Creepy, fascinating, and just plain “wow-inspiring”, fungi that can control the behavior of insects are an incredible story from the files of evolution. This moth likely met the end of its life at the hand (or mycelium?) of a Cordyceps fungus. Cordyceps is a genus of ascomycete fungi with at least 400 recognized species that are parasites of insects, arthropods, and other fungi. A group of us came upon this unfortunate moth during a student course to Costa Rica that I led in January 2012. We found it just days after one student had put finding one of the infamous fungi-infested insects at the top of her list. (I wish she had given us her complete top ten list, we may have seen even more incredible things than we did.)
Although we couldn’t be completely certain that it was a Cordyceps infection, there were several tell-tail signs that it was. First of all, the dead moth has a bunch of threadlike, fruiting bodies extending in all directions, which are responsible for dispersing spores. Second, the moth died in an exposed location, which may have been orchestrated, zombie-like, by the fungus itself. Cordyceps is known to have the ability to control an insect’s end-of-life wanderings, which it benefits from by increasing the likelihood that its spores are dispersed to new hosts.

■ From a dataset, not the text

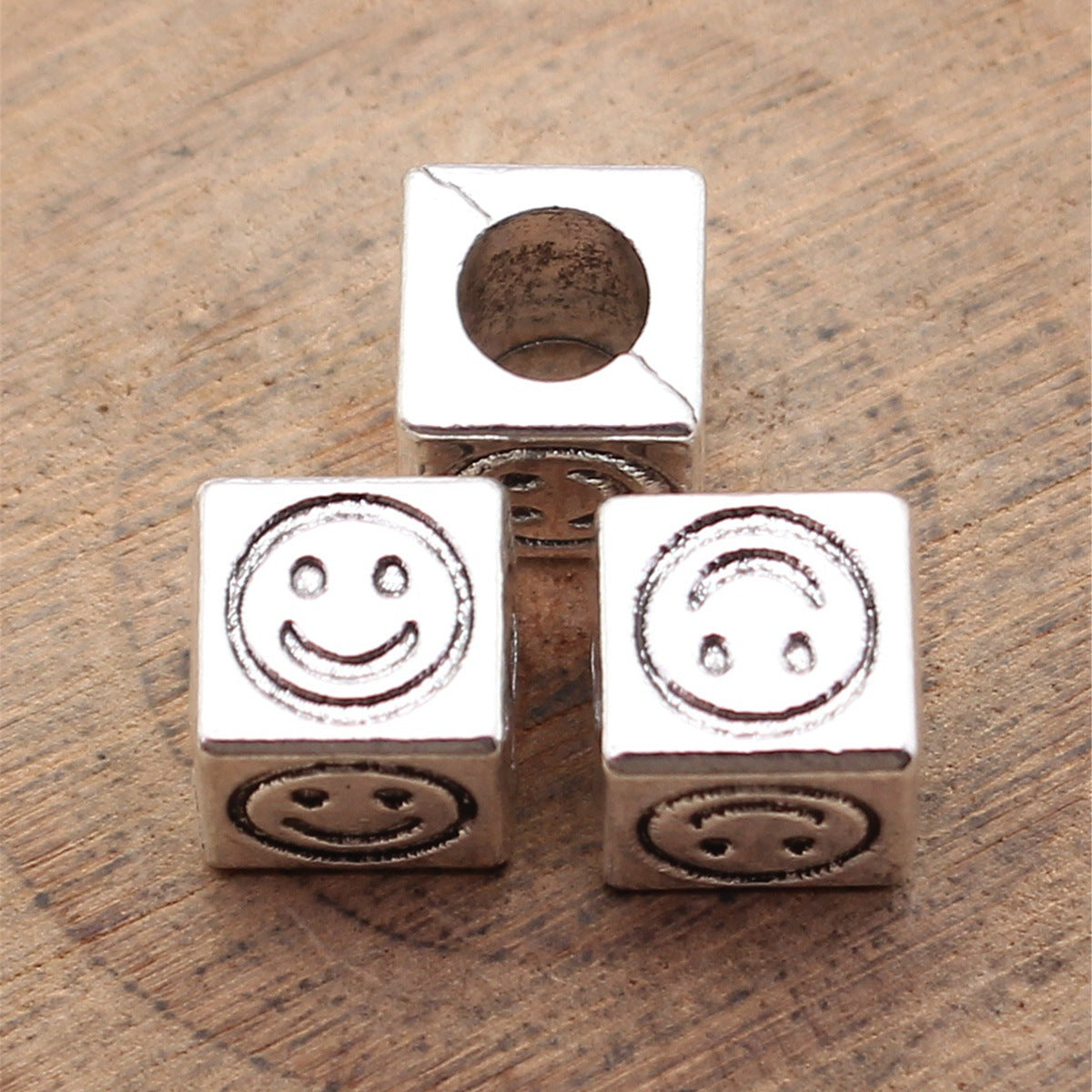 8.3x7.7x7.7mm 2.1g Antique Silver Zinc Alloy Square Four-Sided Smiley Face Large Hole Beads for Bracelet DIY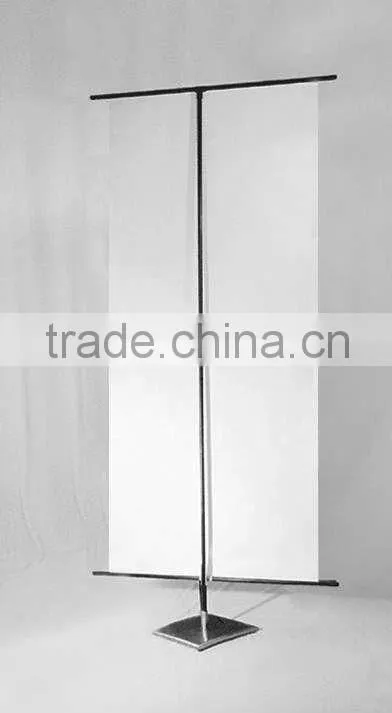 Wall picture shelf with solid square base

Want to watch a Cordyceps infection in action? Take a look at this incredible video clip:
So what’s an insect to do in the face of such a formidable parasite? A recent study of ant colonies in Brazil found that there is a different parasite that uses Cordyceps as a host and essentially “castrates it” before the infection is complete. This three-species interaction is another good example of the ecological complexity out there in the world that we are still, slowly getting a handle on.
If anyone has other ideas about what caused the demise of this moth, please let me know.